Winter stressed that "freedom of the press is not just restricted through changes to the laws – it can be damaged through threats and self-censorship as well.”
Looking at the situation in the U.S., Winter assesses that journalists in his country have not yet figured out how to cover Trump the “right” way. “One obvious conclusion based on the U.S. experience would be to avoid letting Bolsonaro dictate the news cycle with his latest controversy or outrageous comment.”
Trump has achieved this in the U.S., which benefits him, in Winter's assessment, because his supporters are encouraged to see the big media scandalized and because this coverage takes focus from more important questions related to the government.
But it’s easier said than done, acknowledges the editor-in-chief of Americas Quarterly: “part of the journalism profession inevitably revolves around reporting on what a president said, especially when it is so different from what we're used to hearing from the nation's highest office.”

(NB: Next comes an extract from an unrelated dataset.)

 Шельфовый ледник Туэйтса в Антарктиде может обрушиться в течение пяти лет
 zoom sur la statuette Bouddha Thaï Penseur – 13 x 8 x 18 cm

Both the editor-in-chief of Americas Quarterly and Abraji’s Bramatti said they believed that a positive side effect in this context could be the strengthening of the independent press, as happened in the United States.
“Both countries have a strong, vibrant press,” Winter said. “In the United States it's clear that the Trump administration has – unintentionally – reinvigorated a media that had been suffering for years from declining market share and circulation. I think there are chances of a similar phenomenon occurring in Brazil, although it's worrying that several media companies are in dire financial shape.”
He also warns that if Bolsonaro continues to target Folha, it can help the newspaper increase its audience and subscriber numbers – just as Trump did for the "failing New York Times," in the words of the U.S. president. Folha has already reported a "spontaneous campaign to defend the newspaper," with posts on the social networks from public figures and citizens encouraging newspaper subscriptions.
“The so-called ‘Trump bump’ helped drive 300,000 new digital subscriptions for the NYT in the quarter following his inauguration,” Winter said. “If Bolsonaro really wants Folha to be "over" – as he has said – then he should really stop talking about it!”